The battle guidelines attempt to address the big strategic themes now facing a military winding down from the Iraq and Afghanistan wars: the rise of Asia; the shift in focus to sea and air power that the vast Asia-Pacific region demands; and the potential importance of cyberwarfare.
AirSea Battle, however, is being developed in a very different context from its cold war cousin. Budgets will be much tighter in the coming years. And while the Soviet Union was a clear adversary which was economically isolated, the US and China have deep economic ties, from trade to Treasury bonds.
Amid such delicate politics, US officials insist publicly that AirSea Battle is not focused on one country or even one region, but on technologies being developed by a host of countries and potentially non-state actors. “This notion should not be hijacked by any particular scenario,” Gen Norton Schwartz, Air Force chief of staff, said last week when asked if China was the main target.
Yet privately officials acknowledge the Pentagon has been alarmed by China’s investments in precisely the “access-denial” weapons that AirSea Battle is designed to tackle, from ballistic missiles that can sink warships to submarines and Beijing’s emerging cyberwar capabilities.
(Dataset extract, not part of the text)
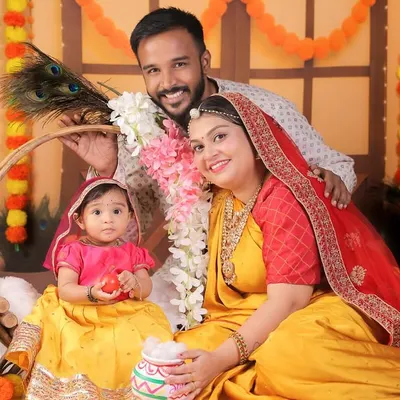 A lovely family portrait from a Radha-themed shoot, with parents and their 8-month-old daughter in coordinated traditional outfits.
The Pentagon has also made no secret of its view that Asia is now a central priority of its long-term strategy. “One of the key projects that your generation will have to face is sustaining and enhancing American strength across the great maritime region of the Pacific,” Mr Panetta told graduates of US Naval Academy at Annapolis this week.
For some observers, AirSea Battle will push the US into dangerously provocative war planning against China. One of the documents the Pentagon has published, called the Joint Operational Access Concept, recommends that in the event of any conflict, the US “attack enemy anti-access/area-denial defences in depth”. In the case of China’s anti-ship missiles, that would mean preparing for a large pre-emptive strike on military bases in mainland China.
“The big risk is that such an attack would lead to a very dramatic escalation and China might even think it was an attempt to take out its nuclear capability,” says Raoul Heinrichs at Australian National University.
The guidelines are also being introduced in an era of budget cuts. The Pentagon has already reduced its budget by $485bn over the next decade and could be forced to cut by a similar amount under a budget agreement in Congress. But AirSea Battle will require huge investments in a long-distance bombers, submarines and in cyber capabilities, which will mean bigger cuts in other programmes or reduced spending on health and benefits.
“For about the last 12 years, if you wanted something, we basically could afford it,” said Lt Gen George Flynn, one of the Pentagon’s senior planning officials. “The new fiscal reality is going to require us to make choices.”